Task instructions:
Copy exactly, no pictures: every line from the one that contains "Tales from the Crypt #5" through the end of the entries below.

Excerpted records:
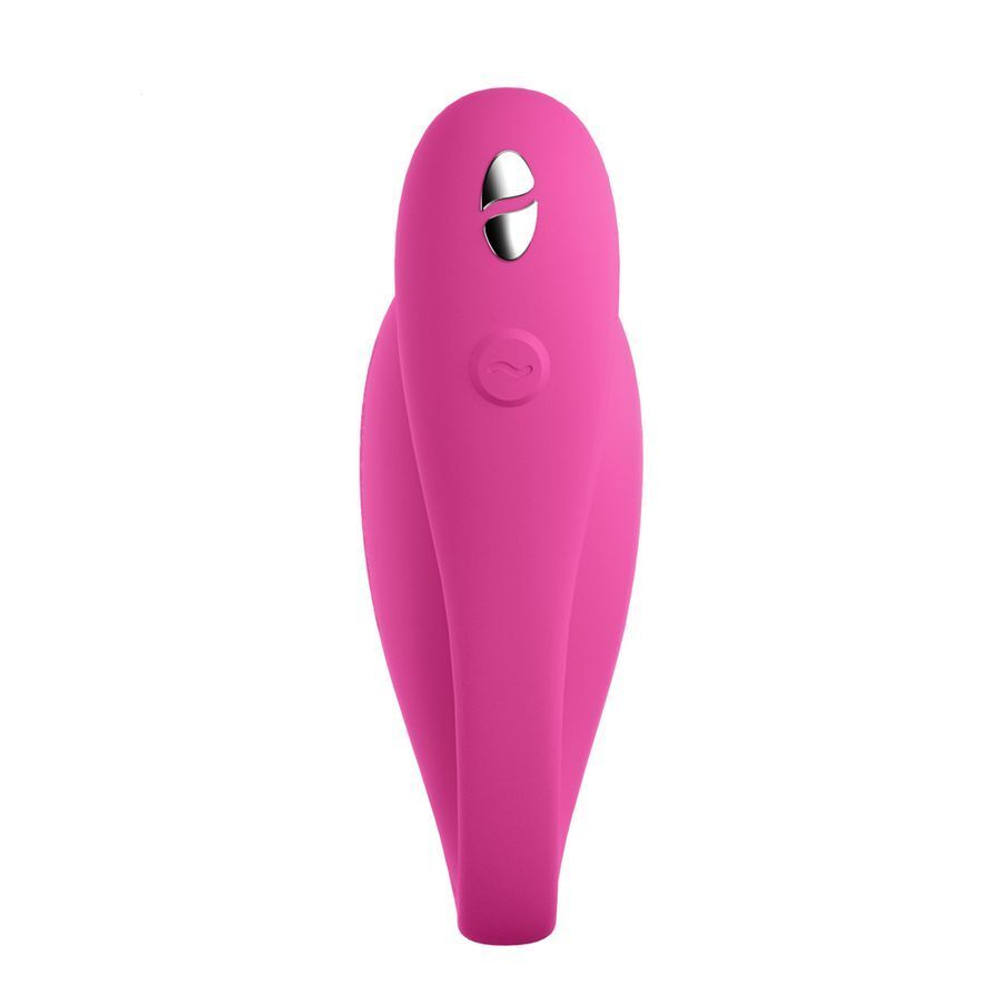 Розовый вибратор для ношения We-Vibe Jive 2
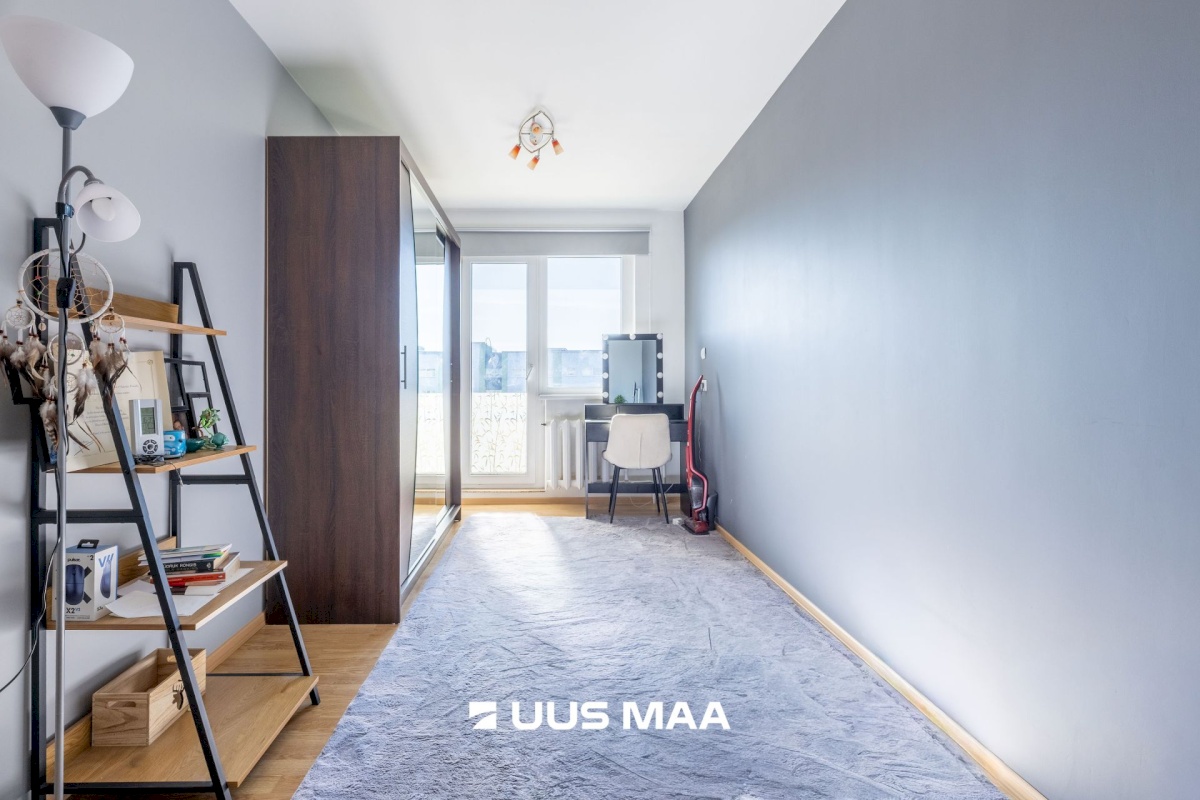 Kadrina vald, Kadrina alevik, Kalevipoja 8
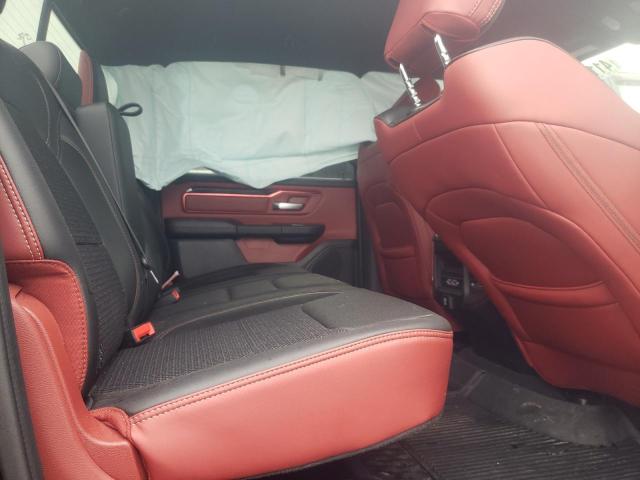 صورة رقم 6 من المزاد - 2019 RAM 1500 REBEL مع VIN 1C6SRFLT2KN618358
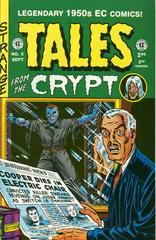 Tales from the Crypt #5 (1993) Comic Books Tales from the Crypt Prices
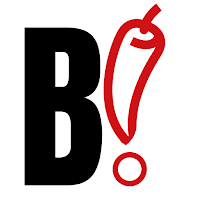Logo d'Agence Beurk!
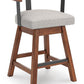 Ralene Counter Height Barstool (Set of 2)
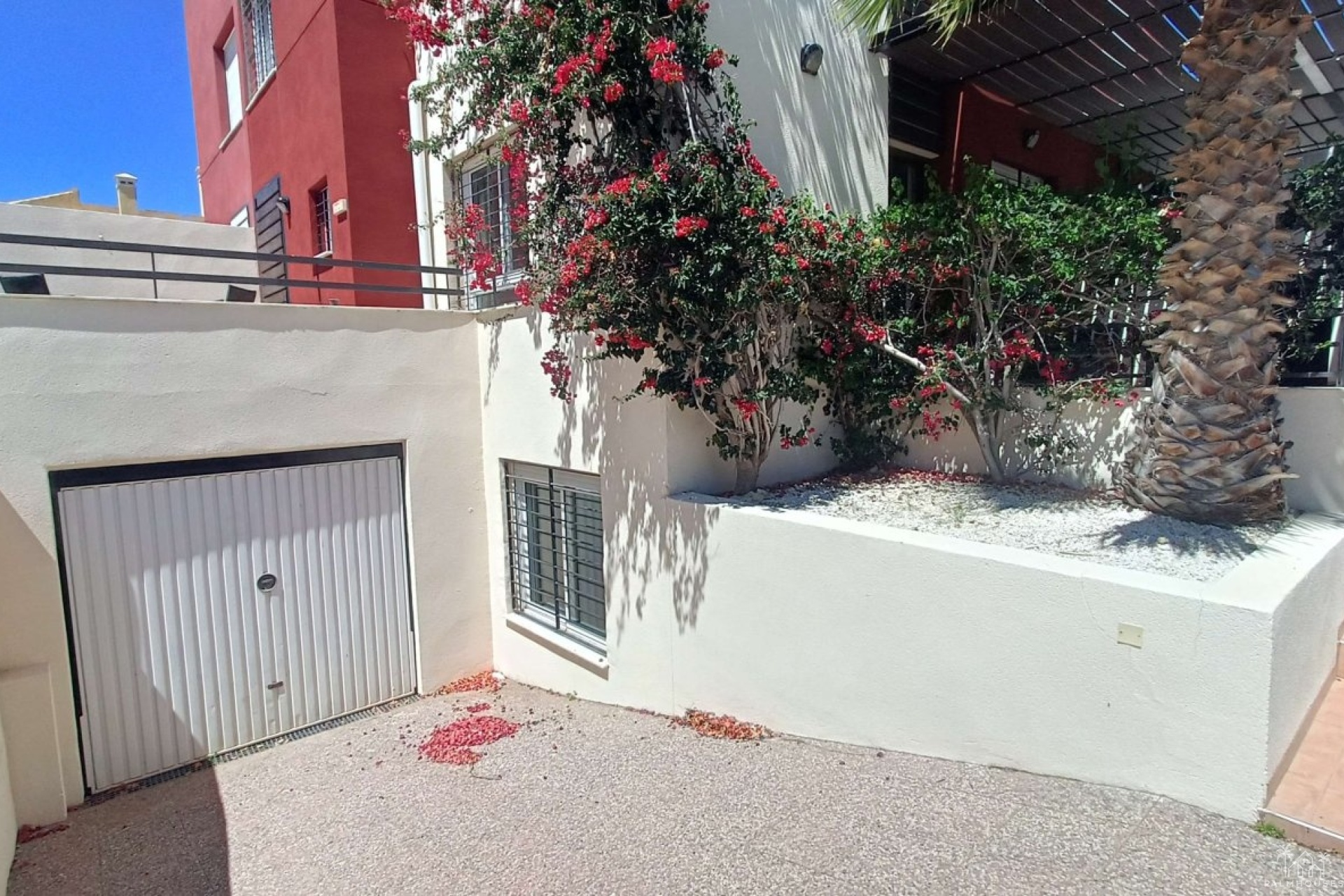 Resale - House - Algorfa - Inland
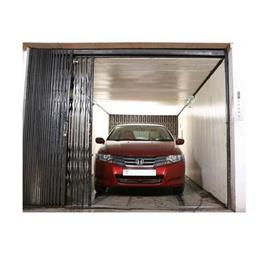 Manual Door Car Elevator, Locking System: Manual Lock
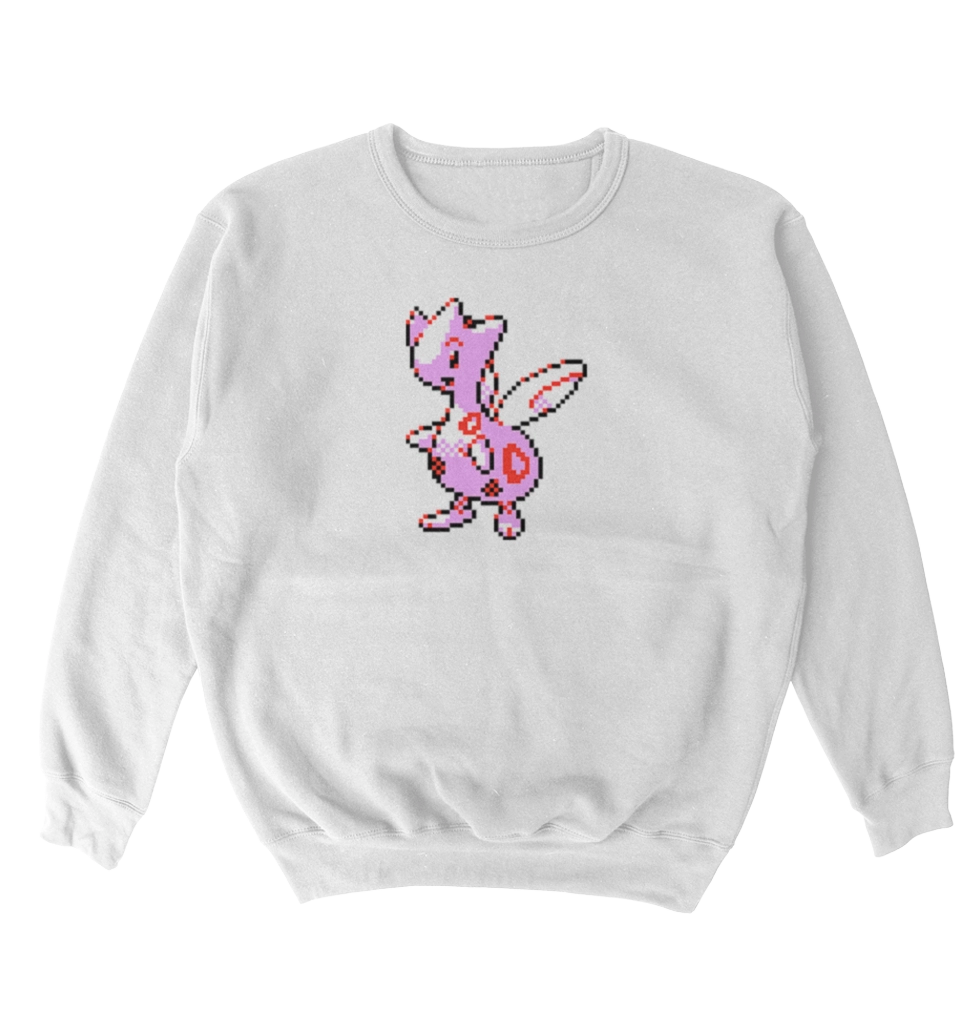 Poleron Pokémon Gen 2 - Togetic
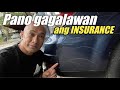 Pano gagalawan ang inyong CAR INSURANCE | Comprehensive INSURANCE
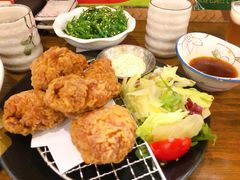 -小川洋风料理(街道口店)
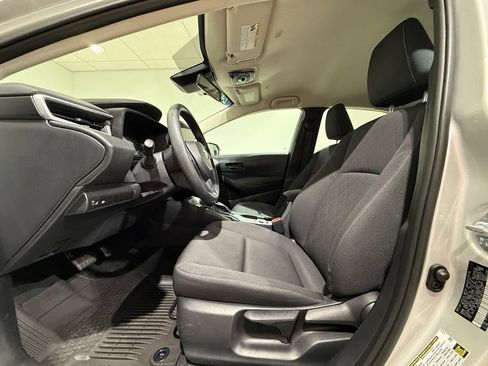 Certified 2024 Toyota Corolla LE FWD image 12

Answer box:
 Tales from the Crypt #5 (1993) Comic Books Tales from the Crypt Prices
Logo d'Agence Beurk!
 Ralene Counter Height Barstool (Set of 2)
 Resale - House - Algorfa - Inland
 Manual Door Car Elevator, Locking System: Manual Lock
 Poleron Pokémon Gen 2 - Togetic
 Pano gagalawan ang inyong CAR INSURANCE | Comprehensive INSURANCE
 -小川洋风料理(街道口店)
 Certified 2024 Toyota Corolla LE FWD image 12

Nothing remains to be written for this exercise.